Effect of L. sakei K040706 on NF-κB and STAT 3 Activation in Colitis Mouse Model

To investigate the effect of L. sakei K040706 on the activation of NF-κB and STAT3 (Signal transducer and activator of transcription 3), the major transcription factors controlling the expression of various inflammatory markers, the following experiment was conducted.

Proteins were extracted from the intestinal tissues collected from the colitis mouse model according to the above-described experimental method, and the concentrations of the proteins were quantified and subjected to SDS-PAGE. Then, the proteins were transferred to PVDF membrane, reacted with primary antibody overnight, and reacted with secondary antibody for 2 hours. ECL expression method was applied to observe the amount of protein expression.
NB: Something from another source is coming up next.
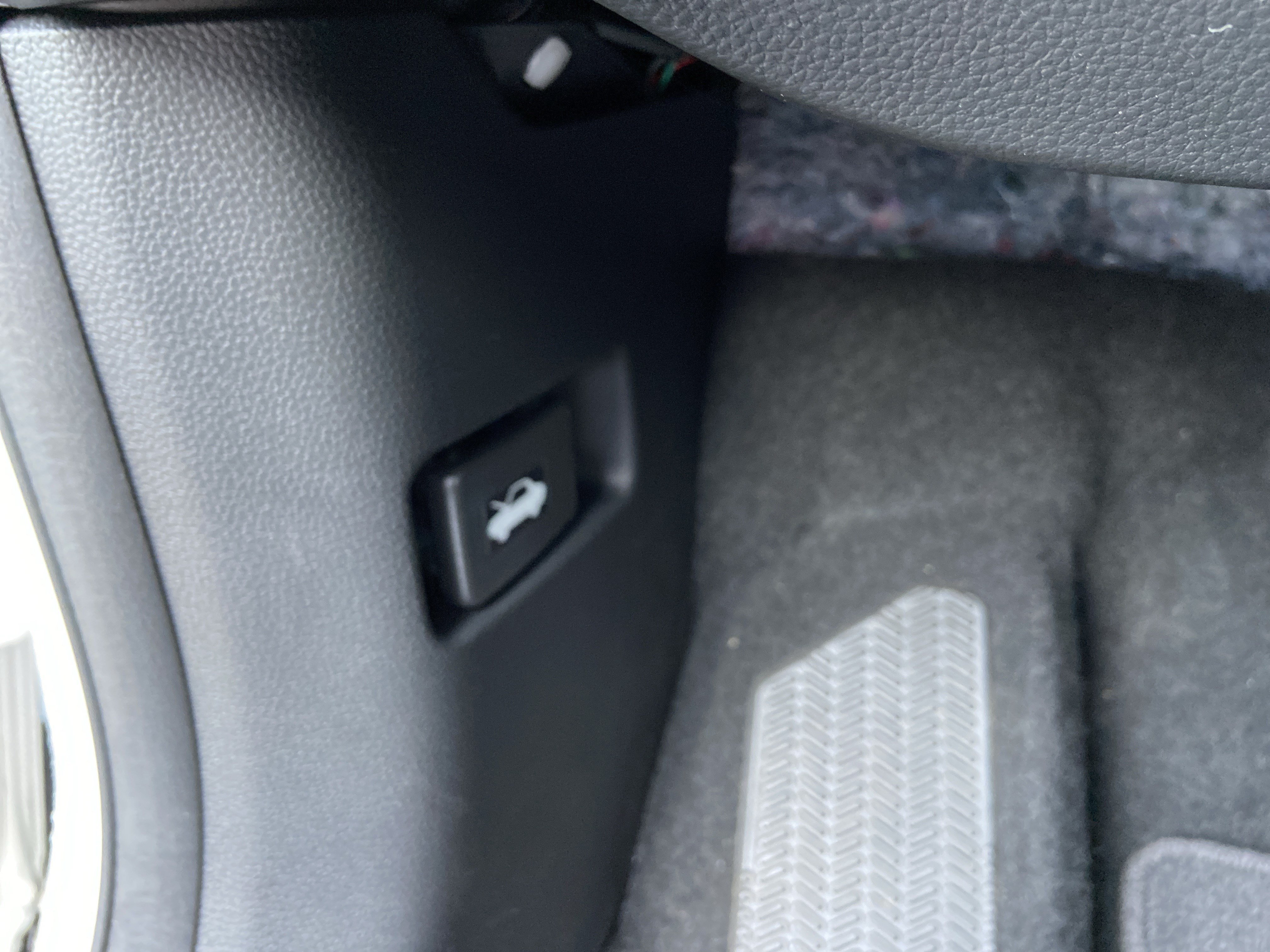 Used 2026 Platinum White Pearl Honda Sport Touring image 47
As a result, as shown in FIG. 7, phosphorylation of NF-κB (p-p65) and STAT3 (p-STAT3) was increased in DSS-induced colitis mouse model group. Phosphorylation of NF-κB (p-p65) and STAT3 (p-STAT3) was decreased in the group administered with L. sakei K040706.

Thus, it was confirmed that L. sakei K040706 inhibited the phosphorylation of NF-κB and STAT3 and their activation, thereby reducing the expression of inflammation-related indicators.

INDUSTRIAL APPLICABILITY

As described above, the present invention provides a pharmaceutical composition and food composition for preventing and treating colitis, comprising Lactobacillus sakei K040706 as an active ingredient. Since Lactobacillus sakei K040706 of the present invention is capable of enhancing immune function such as increasing intestinal NO production ability and reducing the damage of intestinal tissue, Lactobacillus sakei K040706 may be useful for improving and treating colitis.

Claims

1. A pharmaceutical composition for preventing or treating colitis comprising Lactobacillus sakei K040706 (Accession No: KCCM11472P) as an active ingredient.

2. The composition according to claim 1, wherein the composition is a dead cell or culture preparation of Lactobacillus sakei K040706.

3. A food composition for preventing or improving colitis comprising Lactobacillus sakei K040706 as an active ingredient.

4. The composition according to claim 1, wherein said colitis is selected from the group consisting of acute enteritis, bacterial colitis, bacterial dysentery, cholera, typhoid, traveler's diarrhea, viral colitis, pseudomembranous colitis, amoebic colitis, inflammatory bowel disease, Crohn's disease, ulcerative colitis, ischemic colitis, Behcet's colitis, drug-induced colitis, microscopic colitis, collagenous colitis, lymphocytic colitis and radiation colitis.

5. The food composition according to claim 3, wherein said colitis is selected from the group consisting of acute enteritis, bacterial colitis, bacterial dysentery, cholera, typhoid, traveler's diarrhea, viral colitis, pseudomembranous colitis, amoebic colitis, inflammatory bowel disease, Crohn's disease, ulcerative colitis, ischemic colitis, Behcet's colitis, drug-induced colitis, microscopic colitis, collagenous colitis, lymphocytic colitis and radiation colitis.